** REQUIRED ACTION **
In the records below, find the line that contains "Каране на snowbord" and the line that contains "Notitieboek Pukka Jotta", then retype exactly those two lines and every line between them.

::::::

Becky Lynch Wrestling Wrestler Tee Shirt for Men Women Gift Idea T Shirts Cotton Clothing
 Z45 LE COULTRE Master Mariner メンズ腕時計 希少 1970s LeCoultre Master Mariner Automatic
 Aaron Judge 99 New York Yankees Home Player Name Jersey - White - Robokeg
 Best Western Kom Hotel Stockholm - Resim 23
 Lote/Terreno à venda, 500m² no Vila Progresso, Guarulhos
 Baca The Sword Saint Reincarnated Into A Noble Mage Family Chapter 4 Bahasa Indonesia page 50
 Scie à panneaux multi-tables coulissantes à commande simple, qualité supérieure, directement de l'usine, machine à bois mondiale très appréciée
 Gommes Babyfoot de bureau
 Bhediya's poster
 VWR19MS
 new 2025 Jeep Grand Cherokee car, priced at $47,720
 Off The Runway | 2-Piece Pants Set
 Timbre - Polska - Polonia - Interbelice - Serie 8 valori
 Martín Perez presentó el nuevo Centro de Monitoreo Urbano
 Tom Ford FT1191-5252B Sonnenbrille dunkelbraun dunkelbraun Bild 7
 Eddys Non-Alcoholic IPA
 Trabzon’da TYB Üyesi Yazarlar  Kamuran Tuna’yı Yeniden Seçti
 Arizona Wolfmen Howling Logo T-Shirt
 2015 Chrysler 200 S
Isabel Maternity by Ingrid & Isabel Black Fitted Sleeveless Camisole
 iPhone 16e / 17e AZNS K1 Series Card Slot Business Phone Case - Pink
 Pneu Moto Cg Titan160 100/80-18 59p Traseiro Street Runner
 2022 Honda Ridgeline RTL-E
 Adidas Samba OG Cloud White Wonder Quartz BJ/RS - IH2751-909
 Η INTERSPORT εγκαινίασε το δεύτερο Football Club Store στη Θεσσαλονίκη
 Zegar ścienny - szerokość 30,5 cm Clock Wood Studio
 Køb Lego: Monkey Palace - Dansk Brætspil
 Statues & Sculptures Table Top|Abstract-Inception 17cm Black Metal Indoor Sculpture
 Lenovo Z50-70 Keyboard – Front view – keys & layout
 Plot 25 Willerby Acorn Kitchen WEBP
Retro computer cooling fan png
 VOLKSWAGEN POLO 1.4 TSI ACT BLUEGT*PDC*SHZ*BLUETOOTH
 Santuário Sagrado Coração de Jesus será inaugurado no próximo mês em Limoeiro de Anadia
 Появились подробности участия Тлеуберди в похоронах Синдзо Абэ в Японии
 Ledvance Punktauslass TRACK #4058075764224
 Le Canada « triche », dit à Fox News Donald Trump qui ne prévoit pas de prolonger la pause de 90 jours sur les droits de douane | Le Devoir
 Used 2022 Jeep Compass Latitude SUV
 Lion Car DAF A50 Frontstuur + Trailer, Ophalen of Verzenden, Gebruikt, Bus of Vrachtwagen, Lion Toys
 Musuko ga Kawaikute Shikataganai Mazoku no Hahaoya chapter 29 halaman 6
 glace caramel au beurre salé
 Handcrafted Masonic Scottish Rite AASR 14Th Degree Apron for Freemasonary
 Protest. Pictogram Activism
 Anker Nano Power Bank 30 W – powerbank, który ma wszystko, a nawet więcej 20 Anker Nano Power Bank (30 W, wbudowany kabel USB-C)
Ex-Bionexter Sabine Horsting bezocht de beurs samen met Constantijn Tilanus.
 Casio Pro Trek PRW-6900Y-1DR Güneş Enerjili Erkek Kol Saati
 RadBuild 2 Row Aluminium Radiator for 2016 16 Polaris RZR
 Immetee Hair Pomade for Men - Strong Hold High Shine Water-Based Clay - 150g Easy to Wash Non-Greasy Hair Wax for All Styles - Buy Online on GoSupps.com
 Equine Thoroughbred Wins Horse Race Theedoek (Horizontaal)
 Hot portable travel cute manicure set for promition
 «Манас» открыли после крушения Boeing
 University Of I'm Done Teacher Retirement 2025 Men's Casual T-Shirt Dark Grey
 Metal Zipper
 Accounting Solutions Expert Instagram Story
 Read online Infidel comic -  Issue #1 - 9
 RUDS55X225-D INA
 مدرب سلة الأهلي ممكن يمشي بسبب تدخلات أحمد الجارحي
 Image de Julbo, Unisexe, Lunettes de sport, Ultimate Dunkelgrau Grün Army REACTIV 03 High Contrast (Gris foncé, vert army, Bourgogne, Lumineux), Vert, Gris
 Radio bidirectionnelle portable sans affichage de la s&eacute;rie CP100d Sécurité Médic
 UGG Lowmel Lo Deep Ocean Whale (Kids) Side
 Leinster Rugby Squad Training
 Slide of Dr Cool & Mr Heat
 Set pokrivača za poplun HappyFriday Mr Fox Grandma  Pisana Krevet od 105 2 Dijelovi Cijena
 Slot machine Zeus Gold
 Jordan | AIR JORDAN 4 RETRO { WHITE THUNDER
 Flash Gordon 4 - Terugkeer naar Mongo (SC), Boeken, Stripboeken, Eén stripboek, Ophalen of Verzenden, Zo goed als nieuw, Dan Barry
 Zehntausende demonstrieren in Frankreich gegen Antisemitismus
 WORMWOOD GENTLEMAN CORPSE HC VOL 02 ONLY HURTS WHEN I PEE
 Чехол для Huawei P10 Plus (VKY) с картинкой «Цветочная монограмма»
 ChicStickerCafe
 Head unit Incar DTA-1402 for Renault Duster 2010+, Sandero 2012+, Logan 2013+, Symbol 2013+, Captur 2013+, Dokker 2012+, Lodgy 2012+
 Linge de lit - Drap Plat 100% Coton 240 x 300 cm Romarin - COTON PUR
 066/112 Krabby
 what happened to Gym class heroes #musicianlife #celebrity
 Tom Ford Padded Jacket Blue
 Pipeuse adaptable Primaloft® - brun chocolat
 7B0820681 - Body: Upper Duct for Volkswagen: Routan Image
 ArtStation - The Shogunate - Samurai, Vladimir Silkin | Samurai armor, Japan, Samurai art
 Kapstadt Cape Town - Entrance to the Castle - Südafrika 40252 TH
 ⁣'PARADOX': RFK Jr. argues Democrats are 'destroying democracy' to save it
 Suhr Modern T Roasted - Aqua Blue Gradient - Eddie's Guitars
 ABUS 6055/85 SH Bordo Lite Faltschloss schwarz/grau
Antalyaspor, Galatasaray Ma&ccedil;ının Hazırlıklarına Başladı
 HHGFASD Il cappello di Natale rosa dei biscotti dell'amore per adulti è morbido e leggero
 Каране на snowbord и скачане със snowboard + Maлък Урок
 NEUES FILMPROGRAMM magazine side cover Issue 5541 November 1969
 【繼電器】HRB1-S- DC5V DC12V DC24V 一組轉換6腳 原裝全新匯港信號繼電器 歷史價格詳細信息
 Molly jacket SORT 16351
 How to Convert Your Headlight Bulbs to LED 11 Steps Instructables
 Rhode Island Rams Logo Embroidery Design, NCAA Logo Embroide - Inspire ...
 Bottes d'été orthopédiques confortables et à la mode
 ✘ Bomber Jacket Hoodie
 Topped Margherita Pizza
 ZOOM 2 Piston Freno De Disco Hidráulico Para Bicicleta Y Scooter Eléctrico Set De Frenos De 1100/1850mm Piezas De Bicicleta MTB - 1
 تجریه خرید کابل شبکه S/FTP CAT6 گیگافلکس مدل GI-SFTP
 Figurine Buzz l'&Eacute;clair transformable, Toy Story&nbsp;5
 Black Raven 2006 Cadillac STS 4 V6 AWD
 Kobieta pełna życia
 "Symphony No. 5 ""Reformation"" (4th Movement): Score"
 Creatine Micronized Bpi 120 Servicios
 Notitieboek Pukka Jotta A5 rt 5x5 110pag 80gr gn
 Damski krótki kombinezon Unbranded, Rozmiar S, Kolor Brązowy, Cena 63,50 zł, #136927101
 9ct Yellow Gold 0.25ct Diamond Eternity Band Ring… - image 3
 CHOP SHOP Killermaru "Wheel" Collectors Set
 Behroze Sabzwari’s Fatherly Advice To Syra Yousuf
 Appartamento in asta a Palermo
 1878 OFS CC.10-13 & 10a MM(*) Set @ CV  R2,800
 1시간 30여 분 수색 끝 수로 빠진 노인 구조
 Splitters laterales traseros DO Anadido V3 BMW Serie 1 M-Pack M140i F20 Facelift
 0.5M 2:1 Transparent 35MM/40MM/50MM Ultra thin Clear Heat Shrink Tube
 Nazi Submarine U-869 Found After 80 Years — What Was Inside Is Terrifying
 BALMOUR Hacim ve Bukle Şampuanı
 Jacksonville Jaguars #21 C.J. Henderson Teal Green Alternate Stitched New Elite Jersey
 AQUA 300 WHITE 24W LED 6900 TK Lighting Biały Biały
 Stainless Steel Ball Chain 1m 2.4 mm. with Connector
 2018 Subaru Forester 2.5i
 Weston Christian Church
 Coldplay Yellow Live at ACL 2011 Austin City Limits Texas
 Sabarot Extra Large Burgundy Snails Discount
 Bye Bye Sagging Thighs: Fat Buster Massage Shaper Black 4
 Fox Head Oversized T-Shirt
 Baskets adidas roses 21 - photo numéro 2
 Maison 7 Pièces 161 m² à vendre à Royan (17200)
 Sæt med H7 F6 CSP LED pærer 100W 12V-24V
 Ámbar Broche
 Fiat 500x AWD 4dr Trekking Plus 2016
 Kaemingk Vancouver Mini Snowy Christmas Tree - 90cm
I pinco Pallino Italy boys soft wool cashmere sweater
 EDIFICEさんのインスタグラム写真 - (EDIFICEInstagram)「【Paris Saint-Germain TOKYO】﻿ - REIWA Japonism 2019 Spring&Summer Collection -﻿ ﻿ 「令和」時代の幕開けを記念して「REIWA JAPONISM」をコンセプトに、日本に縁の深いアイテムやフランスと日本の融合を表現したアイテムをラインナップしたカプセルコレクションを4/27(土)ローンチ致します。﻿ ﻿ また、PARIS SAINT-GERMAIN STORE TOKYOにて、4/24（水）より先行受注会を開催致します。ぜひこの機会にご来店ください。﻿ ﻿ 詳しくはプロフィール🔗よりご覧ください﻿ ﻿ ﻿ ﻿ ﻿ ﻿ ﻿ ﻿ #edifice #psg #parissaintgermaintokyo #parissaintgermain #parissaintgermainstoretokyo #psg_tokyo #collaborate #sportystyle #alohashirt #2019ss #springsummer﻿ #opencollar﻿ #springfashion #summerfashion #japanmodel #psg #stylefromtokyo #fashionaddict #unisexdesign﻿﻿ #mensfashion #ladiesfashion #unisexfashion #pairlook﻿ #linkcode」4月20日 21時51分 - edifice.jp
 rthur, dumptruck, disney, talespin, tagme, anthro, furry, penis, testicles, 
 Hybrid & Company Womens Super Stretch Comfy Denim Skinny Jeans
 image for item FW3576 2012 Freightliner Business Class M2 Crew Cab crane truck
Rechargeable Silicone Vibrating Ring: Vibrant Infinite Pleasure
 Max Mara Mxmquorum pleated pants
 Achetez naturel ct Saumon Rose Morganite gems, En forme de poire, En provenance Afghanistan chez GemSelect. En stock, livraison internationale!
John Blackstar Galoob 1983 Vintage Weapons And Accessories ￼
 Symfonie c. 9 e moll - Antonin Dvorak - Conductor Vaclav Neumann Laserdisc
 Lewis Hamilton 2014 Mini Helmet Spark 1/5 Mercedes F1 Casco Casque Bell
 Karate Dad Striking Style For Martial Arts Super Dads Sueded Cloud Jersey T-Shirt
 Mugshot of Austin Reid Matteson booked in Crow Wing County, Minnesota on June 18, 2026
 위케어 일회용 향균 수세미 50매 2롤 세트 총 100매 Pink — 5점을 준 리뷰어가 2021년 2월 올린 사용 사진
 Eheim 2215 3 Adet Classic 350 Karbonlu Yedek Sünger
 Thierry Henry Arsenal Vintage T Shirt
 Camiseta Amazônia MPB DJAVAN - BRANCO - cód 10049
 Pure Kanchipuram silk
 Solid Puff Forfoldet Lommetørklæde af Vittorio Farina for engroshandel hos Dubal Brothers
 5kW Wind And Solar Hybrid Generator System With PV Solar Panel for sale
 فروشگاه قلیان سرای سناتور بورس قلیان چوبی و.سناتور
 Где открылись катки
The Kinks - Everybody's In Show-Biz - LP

::::::

** RESULT FOR THIS EXERCISE **
 Каране на snowbord и скачане със snowboard + Maлък Урок
 NEUES FILMPROGRAMM magazine side cover Issue 5541 November 1969
 【繼電器】HRB1-S- DC5V DC12V DC24V 一組轉換6腳 原裝全新匯港信號繼電器 歷史價格詳細信息
 Molly jacket SORT 16351
 How to Convert Your Headlight Bulbs to LED 11 Steps Instructables
 Rhode Island Rams Logo Embroidery Design, NCAA Logo Embroide - Inspire ...
 Bottes d'été orthopédiques confortables et à la mode
 ✘ Bomber Jacket Hoodie
 Topped Margherita Pizza
 ZOOM 2 Piston Freno De Disco Hidráulico Para Bicicleta Y Scooter Eléctrico Set De Frenos De 1100/1850mm Piezas De Bicicleta MTB - 1
 تجریه خرید کابل شبکه S/FTP CAT6 گیگافلکس مدل GI-SFTP
 Figurine Buzz l'&Eacute;clair transformable, Toy Story&nbsp;5
 Black Raven 2006 Cadillac STS 4 V6 AWD
 Kobieta pełna życia
 "Symphony No. 5 ""Reformation"" (4th Movement): Score"
 Creatine Micronized Bpi 120 Servicios
 Notitieboek Pukka Jotta A5 rt 5x5 110pag 80gr gn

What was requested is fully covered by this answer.